Description of the task —
Copy exactly the stretch of data below from the line with "Gebraucht Mini Cooper" through the line with "Meaty queefs in", including both of those lines.

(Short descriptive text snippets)
-- Opening Marker --

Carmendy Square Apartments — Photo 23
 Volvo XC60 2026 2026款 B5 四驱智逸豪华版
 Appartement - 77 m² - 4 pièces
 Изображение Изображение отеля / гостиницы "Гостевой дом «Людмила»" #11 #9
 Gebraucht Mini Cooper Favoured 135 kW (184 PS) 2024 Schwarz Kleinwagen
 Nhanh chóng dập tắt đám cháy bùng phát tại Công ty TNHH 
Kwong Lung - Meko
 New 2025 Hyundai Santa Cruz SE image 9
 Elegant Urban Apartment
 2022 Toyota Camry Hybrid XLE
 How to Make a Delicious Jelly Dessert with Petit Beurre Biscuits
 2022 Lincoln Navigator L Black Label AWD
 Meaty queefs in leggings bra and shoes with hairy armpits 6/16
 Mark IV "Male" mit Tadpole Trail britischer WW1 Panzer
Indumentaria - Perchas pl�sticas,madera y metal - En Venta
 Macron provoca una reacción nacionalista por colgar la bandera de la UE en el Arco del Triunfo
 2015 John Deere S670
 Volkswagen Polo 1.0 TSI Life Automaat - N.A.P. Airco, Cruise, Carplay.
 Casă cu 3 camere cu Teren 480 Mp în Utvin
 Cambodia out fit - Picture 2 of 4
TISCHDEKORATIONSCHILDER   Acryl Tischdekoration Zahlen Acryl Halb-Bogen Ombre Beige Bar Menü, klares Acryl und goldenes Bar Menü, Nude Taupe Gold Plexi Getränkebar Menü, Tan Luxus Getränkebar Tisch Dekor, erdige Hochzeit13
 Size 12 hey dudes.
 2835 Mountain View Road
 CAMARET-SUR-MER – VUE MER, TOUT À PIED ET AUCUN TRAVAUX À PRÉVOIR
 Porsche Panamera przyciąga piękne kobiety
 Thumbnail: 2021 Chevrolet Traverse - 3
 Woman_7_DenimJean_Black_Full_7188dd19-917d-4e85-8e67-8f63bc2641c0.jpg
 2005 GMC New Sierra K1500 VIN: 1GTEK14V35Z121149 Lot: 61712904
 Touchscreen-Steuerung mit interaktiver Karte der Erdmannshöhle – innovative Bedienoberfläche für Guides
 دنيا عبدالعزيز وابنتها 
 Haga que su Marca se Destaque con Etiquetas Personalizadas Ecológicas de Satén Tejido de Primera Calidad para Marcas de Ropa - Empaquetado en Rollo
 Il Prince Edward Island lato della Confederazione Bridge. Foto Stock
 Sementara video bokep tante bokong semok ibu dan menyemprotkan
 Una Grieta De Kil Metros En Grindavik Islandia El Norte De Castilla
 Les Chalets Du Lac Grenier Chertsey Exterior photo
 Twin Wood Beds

-- Closing Marker --

Response to the exercise —
 Gebraucht Mini Cooper Favoured 135 kW (184 PS) 2024 Schwarz Kleinwagen
 Nhanh chóng dập tắt đám cháy bùng phát tại Công ty TNHH 
Kwong Lung - Meko
 New 2025 Hyundai Santa Cruz SE image 9
 Elegant Urban Apartment
 2022 Toyota Camry Hybrid XLE
 How to Make a Delicious Jelly Dessert with Petit Beurre Biscuits
 2022 Lincoln Navigator L Black Label AWD
 Meaty queefs in leggings bra and shoes with hairy armpits 6/16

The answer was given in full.